Puzzle
Il était déjà midi, avec tout ça. L’heure d’aller manger une salade avec son pote Fabrice. Enquête ou pas, il y a des rituels qui ne se sacrifient pas !
Fab l’attendait comme toujours à la table 3 du Petit Bonheur, le resto où ils avaient l’habitude de se retrouver. Le lundi, c’était une salade paysanne ou au chèvre pour Charlotte, une bavette avec des frites pour son compère. La plupart du temps. Ce jour-là, Charlotte demanda à Fab de ne pas prendre de viande saignante. Il la regarda en riant déjà :
« - Ben quoi ?! T’as tes règles ? »
Des fois, elle en avait marre de ce copain-là. Il pouvait vraiment être lourdingue.

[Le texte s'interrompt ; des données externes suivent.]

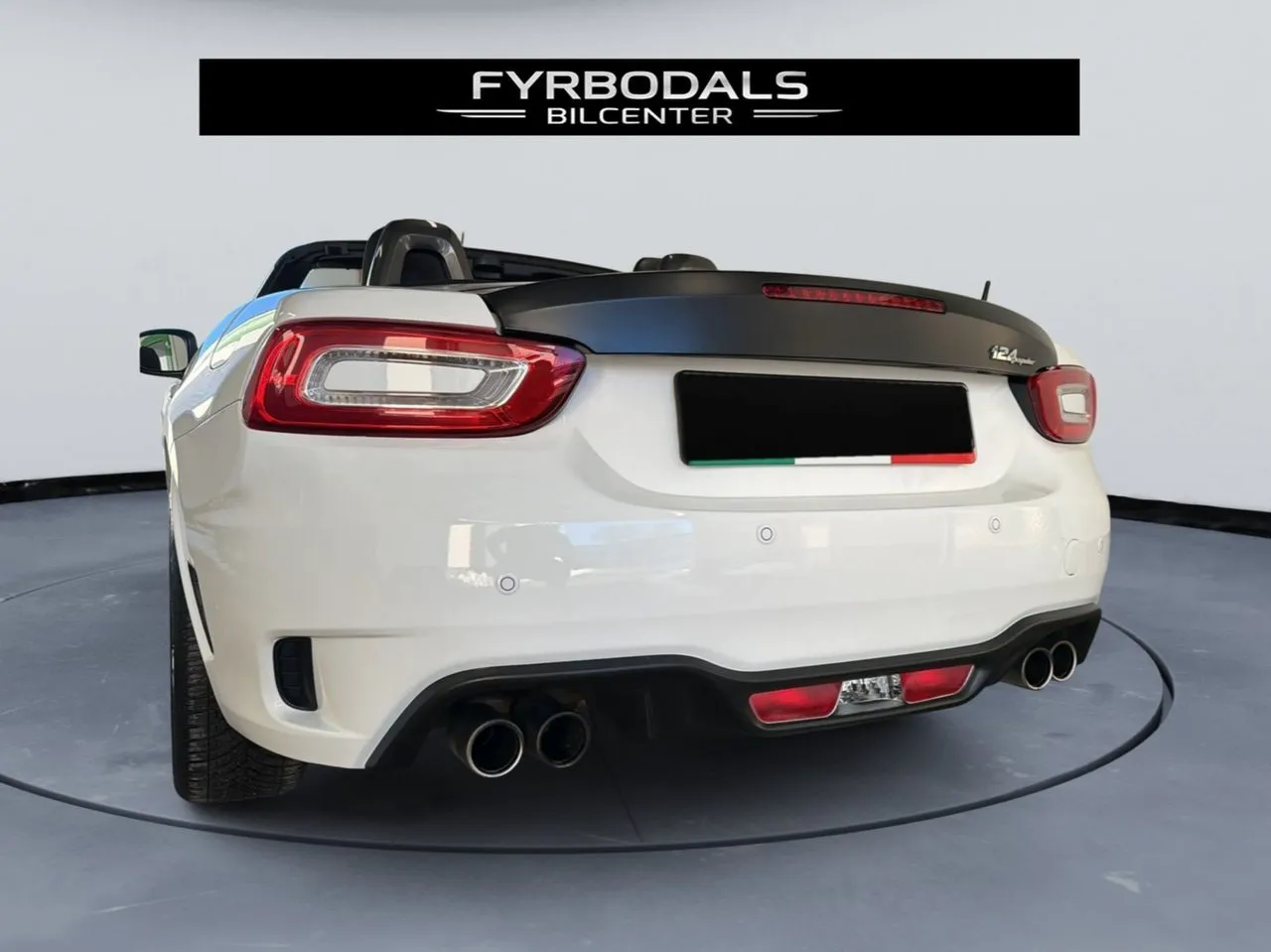Vehicle image 20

« - T’es con. Je suis pas d’humeur, je te préviens. J’ai un truc qui me tombe dessus, je ne te dis que ça…
- Ben quoi ? Raconte…
- C’es une enquête. En fait, c’est THE enquête. Tiens, ça va te plaire, toi qui est fan de ces séries débiles américaines, là. Comme dans les Experts : du sang partout…Un crime qui semble bien tordu…
- Génial !
- Arrête…Je suis pas d’humeur, je te dis. La vie, c’est pas comme à la télé, merde ! »

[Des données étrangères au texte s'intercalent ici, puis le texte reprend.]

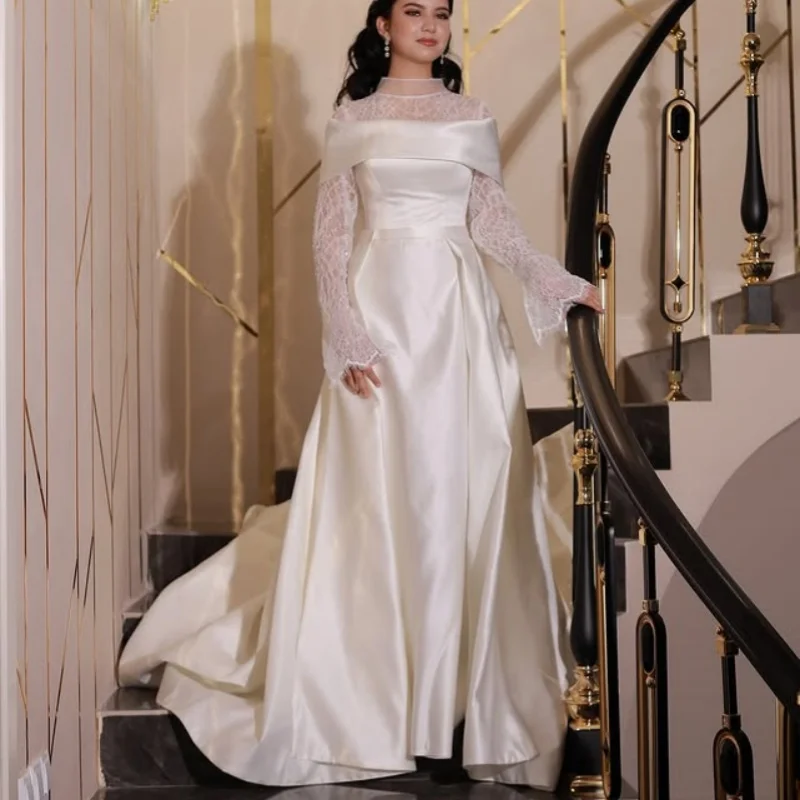 

Satin ivory white Appliques Lace Wedding Dresses of off-shoulder A-line decal Bridal Gowns Made Customized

Après ça, comme Charlotte avait haussé un peu le ton, Fabrice avait fait preuve d’un peu plus de tact. Il s’était juste contenté de raconter un peu son week-end. Il n’avait pas fait grand-chose, un peu de vélo, beaucoup de télé. Il était donc un grand fan des séries américaines, il s’identifiait à mort aux personnages caricaturaux de ces téléfilms. Parfois, ça tournait au ridicule, mais il assumait complètement : il s’en faisait même tout un spectacle. Il se mettait à mâchouiller une branche de ses lunettes de soleil, il prenait la pose, une main sur les hanches, campé sur ses jambes écartées et un peu arquées, il faisait une imitation à se tordre d’Horatio Caine, l’espèce de cow-boy débile des Experts Miami.

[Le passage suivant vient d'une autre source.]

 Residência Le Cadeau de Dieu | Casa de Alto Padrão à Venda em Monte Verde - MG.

Il faisait beaucoup rire ses collègues, dont Charlotte, mais elle savait mieux que les autres qu’il était en fait un grand tendre, presque encore un adolescent, qu’il était rentré dans la police par conviction, pour défendre la justice et qu’il était quelqu’un de bien.
A la fin du repas, Fabrice voulut même payer l’addition pour se faire pardonner ses maladresses.